Among the sources for the report were data from the National Center for Education Statistics’ Schools and Staffing Survey, the Thomas B. Fordham Institute, and the Editorial Projects in Education Research Center.

U.S. Secretary of Education Arne Duncan concludes remarks to the U.S. Chamber of Commerce Institute for a Competitive Workforce's annual education and workforce report on Nov. 9 in Washington.
—Andrew Councill for Education Week

All the sponsors agreed that the results were “deeply disturbing,” in the words of John Podesta, the president and CEO of the Center for American Progress, who served as White House chief of staff under President Bill Clinton.

But there were bright spots.

Massachusetts, Colorado, and Rhode Island got gold stars for their policies to promote extended learning time in schools, while Arizona, Ohio, and Florida got that designation for their aggressive charter school accountability approaches. Hawaii was singled out as the only state with a school-based funding policy. All are signals of innovation, according to the report.

Still, the 1.4 million-member American Federation of Teachers labeled the report as full of “old-hat, top-down measures that have failed to transform our schools,” according to a statement.

“The report’s recommendations are little more than a defense of the factory model of education, which has of late turned schools from havens for learning into test-taking factories,” AFT President Randi Weingarten said in the statement.

Multiple Factors

The report card incorporates many factors into a state’s overall letter grade for each of the seven indicators.
To weigh innovation in teacher hiring and evaluation, for example, the researchers measured a state’s percentage of alternatively certified teachers (the higher the better), whether the state uses national programs (such as Teach For America) to recruit educators, and other factors.

What researchers were not doing was measuring “nifty, faddish experiments,” said Frederick M. Hess, the director of education policy studies at the American Enterprise Institute. Instead, the analysis was meant to examine whether a state has created a “flexible, performance-oriented culture,” he said.

The report’s focus on innovation fits with the education agenda of the Obama administration, which last week released final rules for the Race to the Top Fund competition. The fund will award $4 billion in grants to states.

U.S. Secretary of Education Arne Duncan, who gave opening remarks at the Nov. 9 event, said the quality of the country’s education system is as important an indicator of economic health as the “stock market, the unemployment rate, or the size of the GDP.”

The Chamber of Commerce, which is a powerful lobbying force at the federal, state, and local levels, has been at sharp odds with the Obama administration over health care and climate change.

But not on education.

“The administration is setting the right tone and putting its money where its mouth is,” Mr. Donohue said, specifically praising the Race to the Top initiative.

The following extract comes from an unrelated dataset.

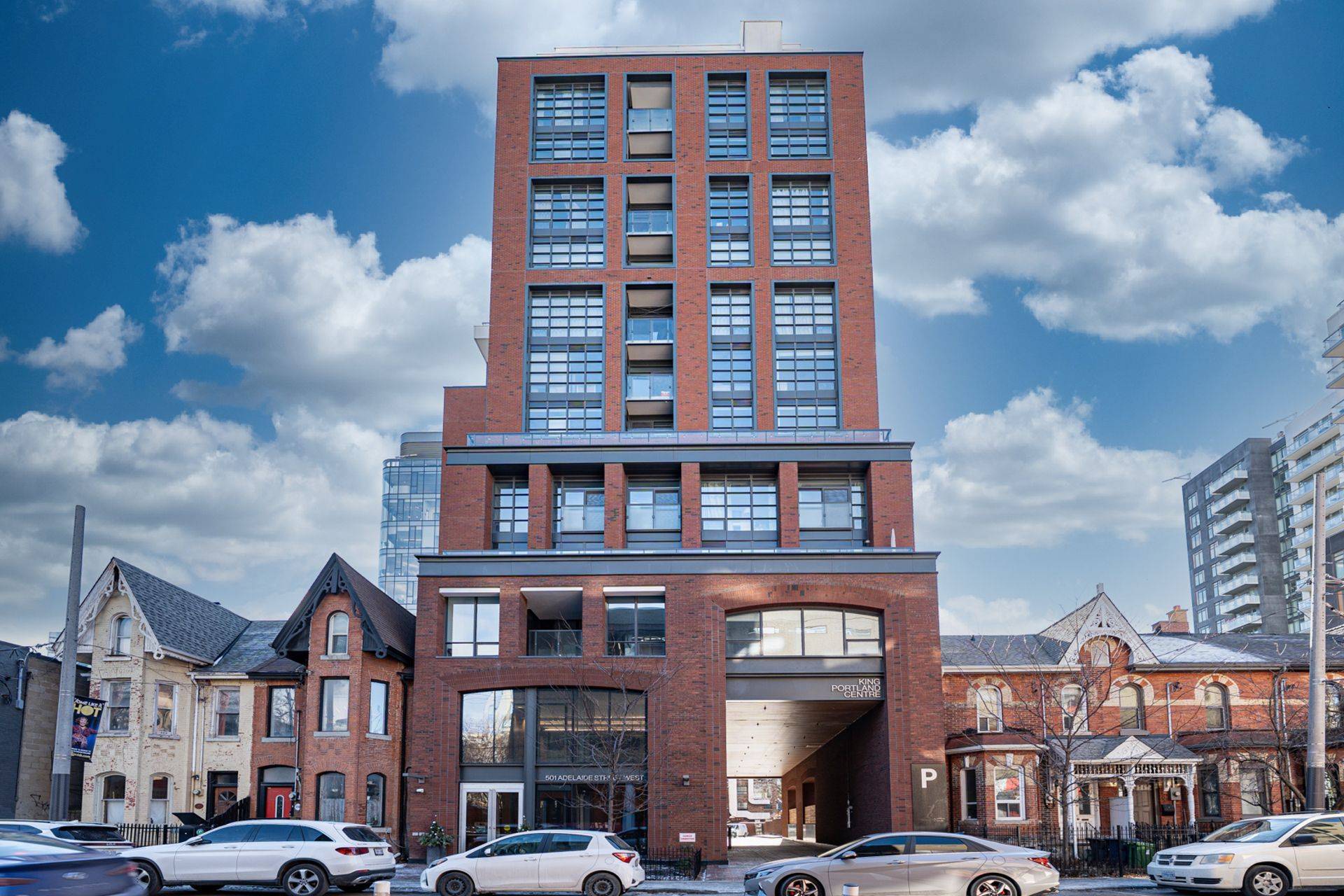 Toronto C01, ON M5V 1T4,501 Adelaide ST W #502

Secretary Duncan acknowledged the tension between the administration and the chamber, but said: “Education is the most bipartisan issue.”

The guiding principles behind Race to the Top—the so-called “four assurances” attached to the American Recovery and Reinvestment Act, which includes money for the grants program among some $100 billion in education aid—appear to be here to stay. In exchange for receiving federal stimulus money, states have to agree to improve teacher effectiveness, data systems, academic standards, and their lowest-performing schools, according to the law.

Mr. Duncan used his remarks to emphasize that the administration wants to “embed” the four assurances into broader federal law, specifically the Elementary and Secondary Education Act, of which the No Child Left Behind Act is the current version.

He also highlighted his four other priorities for ESEA reauthorization, which is expected to get going next year: setting a high bar for states and districts, but allowing them to innovate; building in more competition for federal dollars; reviewing federal education spending line by line and focusing federal education aid on the programs that are most effective; and moving accountability from a “one-size-fits-all” approach to something more flexible.